L'interesse pubblico sotteso al provvedimento di concessione della particolare capacità giuridica, connessa allo status di cittadino, impone che si valutino, anche sotto il profilo indiziario, le prospettive di ottimale inserimento del soggetto interessato nel contesto sociale del Paese ospitante (Tar Lazio, sez. II quater, n. 5565 del 4 giugno 2013), atteso che, lungi dal costituire per il richiedente una sorta di diritto che il Paese deve necessariamente e automaticamente riconoscergli ove riscontri la sussistenza di determinati requisiti e l'assenza di fattori ostativi, rappresenta il frutto di una meticolosa ponderazione di ogni elemento utile al fine di valutare la sussistenza di un concreto interesse pubblico ad accogliere stabilmente all'interno dello Stato comunità un nuovo componente e dell'attitudine dello stesso ad assumersene anche tutti i doveri ed oneri (cfr., ex multis, Cons. St. n.798 del 1999).

Tale valutazione discrezionale può essere sindacata in questa sede nei ristretti ambiti del controllo estrinseco e formale; il sindacato del giudice non può dunque spingersi al di là della verifica della ricorrenza di un sufficiente supporto istruttorio, della veridicità dei fatti posti a fondamento della decisione e dell'esistenza di una giustificazione motivazionale che appaia logica, coerente e ragionevole (Consiglio di Stato sez. VI, 9 novembre 2011, n. 5913; Tar Lazio II - quater n. 5665 del 19 giugno 2012).

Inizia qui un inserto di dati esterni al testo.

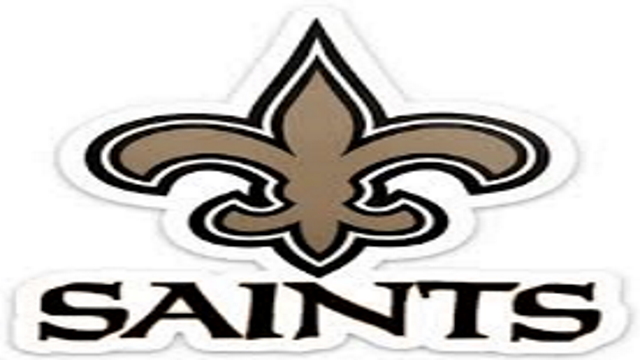 New Orleans saints fleur de lis(logo) for the Kenworth w900 (ONLY)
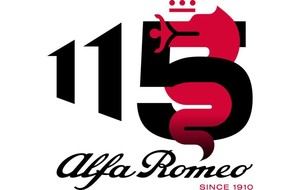 Alfa Romeo Celebra 115 Años: Nuevo Logotipo Conmemorativo y Hitos Históricos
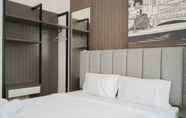 Khác 4 Nice And Fancy 1Br At Tree Park City Bsd Apartment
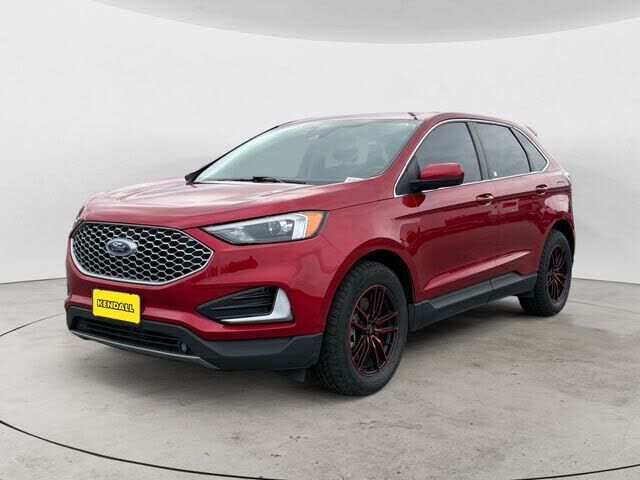 2023 FORD Edge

7. A seguito dell'istruttoria disposta dal Tribunale l'Amministrazione, con nota riservata prot. n. -OMISSIS-, ha rappresentato che sulla base di evidenze informative l'odierno ricorrente figurerebbe più volte indagato -OMISSIS-. Sulla base di detta informativa, il Ministero, con valutazione insindacabile in questa sede, poiché non affetta da manifesta illogicità o travisamento, ha ritenuto preminente l'esigenza di salvaguardia della sicurezza nazionale rispetto all'interesse del richiedente all'acquisto della cittadinanza italiana.

Per quanto sintetica, l'informazione contenuta nella documentazione riservata conferma la correttezza della motivazione del provvedimento gravato.

A tale riguardo questo Tribunale ha già affermato anche il principio di diritto, per cui, nei casi in cui il diniego di cittadinanza è fondato su ragioni inerenti la sicurezza della Repubblica, il provvedimento di diniego è sufficientemente motivato, ai sensi dell'art. 3 della L. n. 241 del 1990, quando consente di comprendere l'iter logico seguito dall'amministrazione nell'adozione dell'atto, non essendo necessario che vengano espressamente indicate tutte le fonti ed i fatti accertati sulla base dei quali è stato reso il parere negativo (Tar Lazio, Sez. II quater, 3 marzo 2014 n. 2453 conf. CdS 6704/2018).

Nel caso di specie appare adeguatamente motivato il diniego della cittadinanza allo straniero che sia anche potenzialmente coinvolto, in via indiziaria, nel -OMISSIS-, attesa la "massima allerta" in relazione al pericolo di infiltrazioni terroristiche tra i migranti in arrivo via mare o attraverso i confini terrestri.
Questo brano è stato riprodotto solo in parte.